3. In the summer of 1963, Mr. Herbert J. Rose, a compliance officer with the Office of Labor Management and Welfare Pension Reports, examined the financial records of the Union. His examination indicated serious discrepancies and errors in the Union’s financial records. Based on the results of this examination, Mr. Frank Williamette, the Area Director of the Office of Labor Management and Welfare Pensions Reports, requested the Union, on September 18, 1963, to “immediately file” amended financial reports for the fiscal years 1959, 1960, 1961 and 1962 “in order that a proper disclosure of the financial operations and condition of the union will be made.”

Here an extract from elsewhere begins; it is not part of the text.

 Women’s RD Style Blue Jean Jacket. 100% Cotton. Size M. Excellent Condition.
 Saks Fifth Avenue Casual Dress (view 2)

4. During 1964 and early 1965 there were numerous contacts between the government and representatives of the Union, relating to the filing of correct amended reports for the years 1959-62. On February 4, 1965, the Area Director again wrote to Arthur Wilson, President of the Union, reminding him of the obligation to file a financial report for the fiscal year ending December 31, 1963, which had not been filed at that time, and also reminding him that March 31, 1964 was the deadline for filing the financial report for the fiscal year ending December 31, 1964. On July 16, 1965, the Area Director again wrote defendant Wilson to advise him that financial reports covering fiscal years 1963 and 1964 must be filed. In an attempt to facilitate the filing of financial reports for 1963 and 1964, the Area Director confirmed a previous understanding that in the absence of a complaint or further information amended financial reports for 1959, 1960, 1961 and 1962 would not be required.

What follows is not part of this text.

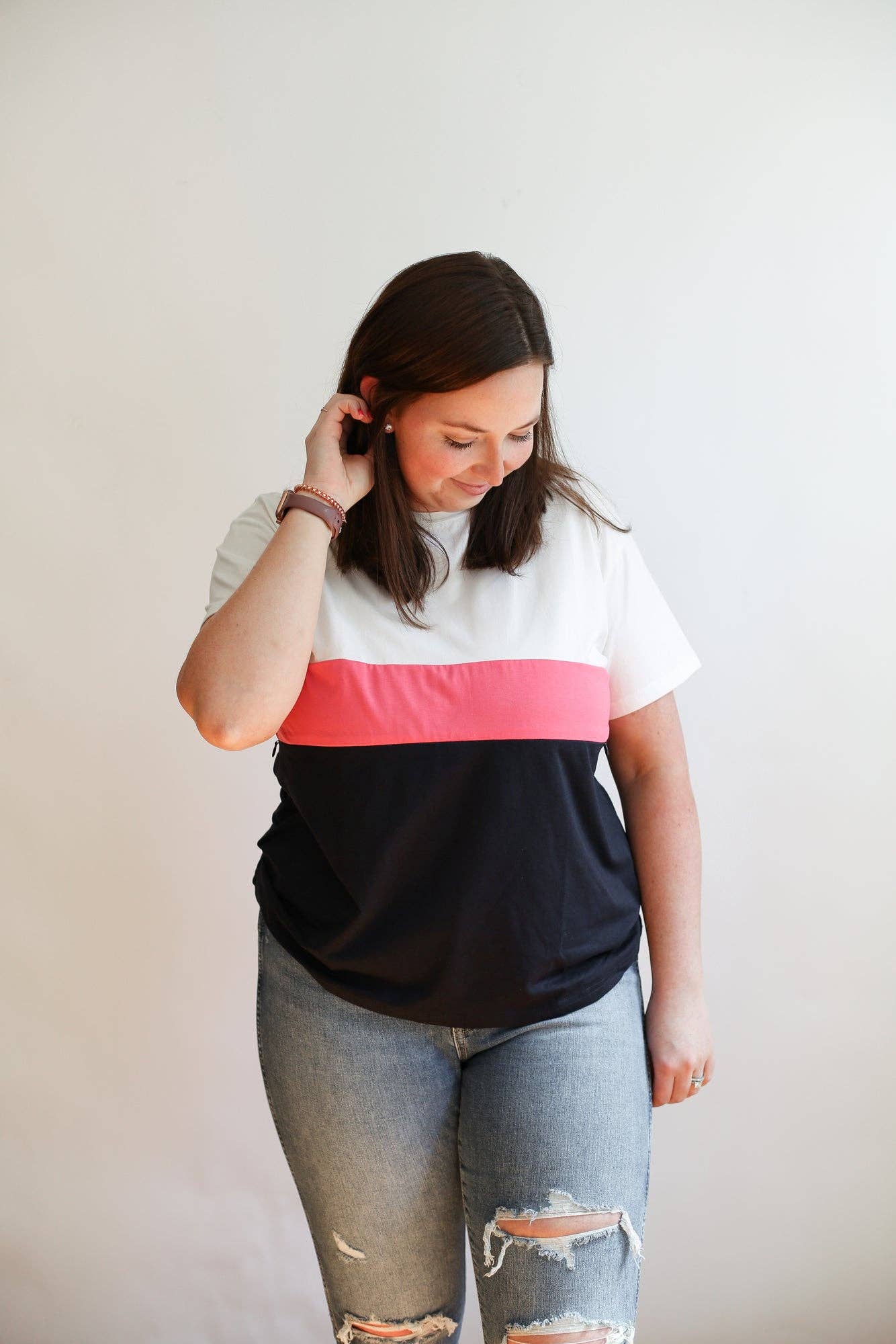 Classic Fit Invisible Zip Breastfeeding Tee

5. On April 14, 1966, the required financial report for fiscal year 1965 was filed. On June 22, 1966, the Area Director again wrote to the defendant Wilson, demanding the filing of financial reports for 1963 and 1964. Although the government made further personal contacts with representatives of the Union even after this correspondence, the reports for 1963 and 1964 still had not been filed by November 14, 1966, when the present action was instituted. Financial reports covering the years 1963 and 1964 finally were filed on February 14, 1967.

6. In regard to the financial reports which the Union was required to file for the years 1963 and 1964, the record indicates that the Union exhibited carelessness and indifference in securing the effective assistance of accountants in preparing these reports.

During the period when the reports for 1963 and 1964 were to be prepared, the defendants employed a certified public accountant, Benedict Lebovitz, to whom all of the defendant’s records had been submitted for preparation of the necessary forms. This accountant failed to prepare these forms, eventually went out of business and apparently turned his practice over to a second accountant in Wilmington, who also failed to prepare the necessary forms.

When the defendants became aware of the failure of these accountants to pre*1359pare the necessary forms,3 they retained a third accountant, Murray M. Axelrod, C.P.A., of Philadelphia. Mr. Axelrod subsequently communicated with the two accountants who previously had possession of the Union’s records and learned that the records had been lost or misplaced.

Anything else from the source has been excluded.